Final Thoughts: Honestly, I was expecting way worse, and was pleasantly surprised to see it was pretty alright. FOR WHAT IT WAS. Listen, I like giving movies like these a chance, and I got more out of this than I was planning on getting. Yes, it has clichéd, tired camerawork and few a few overused horror techniques, but it also appeared to be trying harder than most other films of the found footage genre. And hey, as I’m looking at what’s coming out this weekend, getting As Above, So Below last weekend seems like a gift. What am I supposed to see on Saturday? The crappy looking biopic about twin Elvis guys, the crappy looking teen movie about vampire school, that crappy looking Bourne rip off with Pierce Brosnan, or that crappy looking adaptation of The Giver?
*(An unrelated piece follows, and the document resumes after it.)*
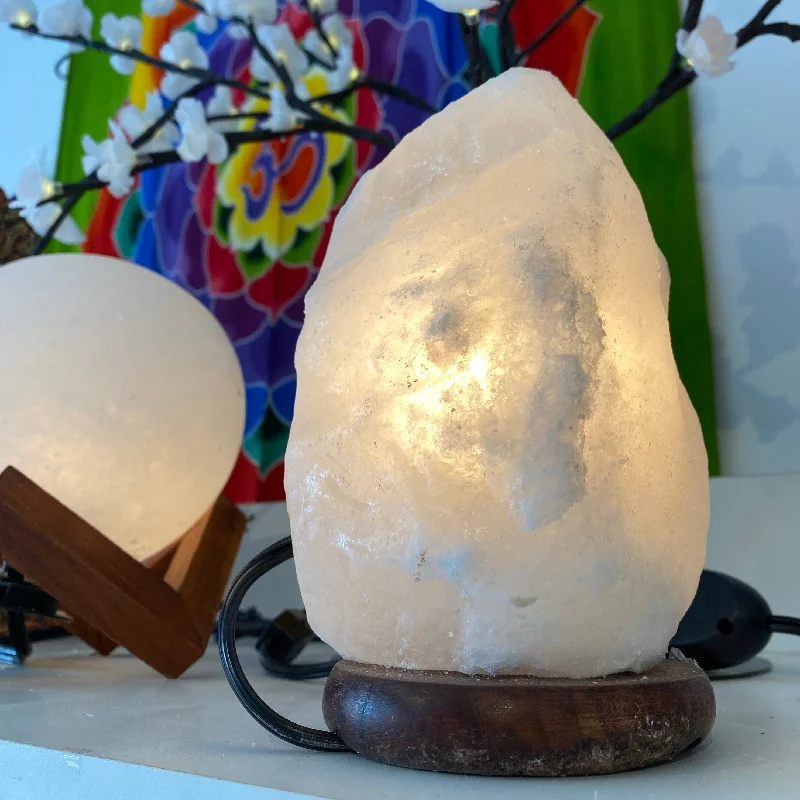 Lava Lamps for Museums' Gift Shops as Novelty ItemsGentle Glow Salt Lamp (White Himalyan Salt) Lava Lamps for Museums' Gift Shops as Novelty ItemsGentle Glow Salt Lamp (White Himalyan Salt)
Ehhhhhhhhhhhhhh… Maybe I’ll just go see Guardians of the Galaxy again…
6.5 out of 10
This was only worth getting Rosati's for? Not Father-And Son? That's a bigger indictment, I'd say.
BTW, If you're serious about your interest in Dante, Larry Niven co-wrote the book for you: "Inferno", where you go a a journey to see the exact versions of the levels of Hell Dante wrote about.
Kind of sorta want to see November Man, if it's a knockoff Bond-styled thing with Brosnan.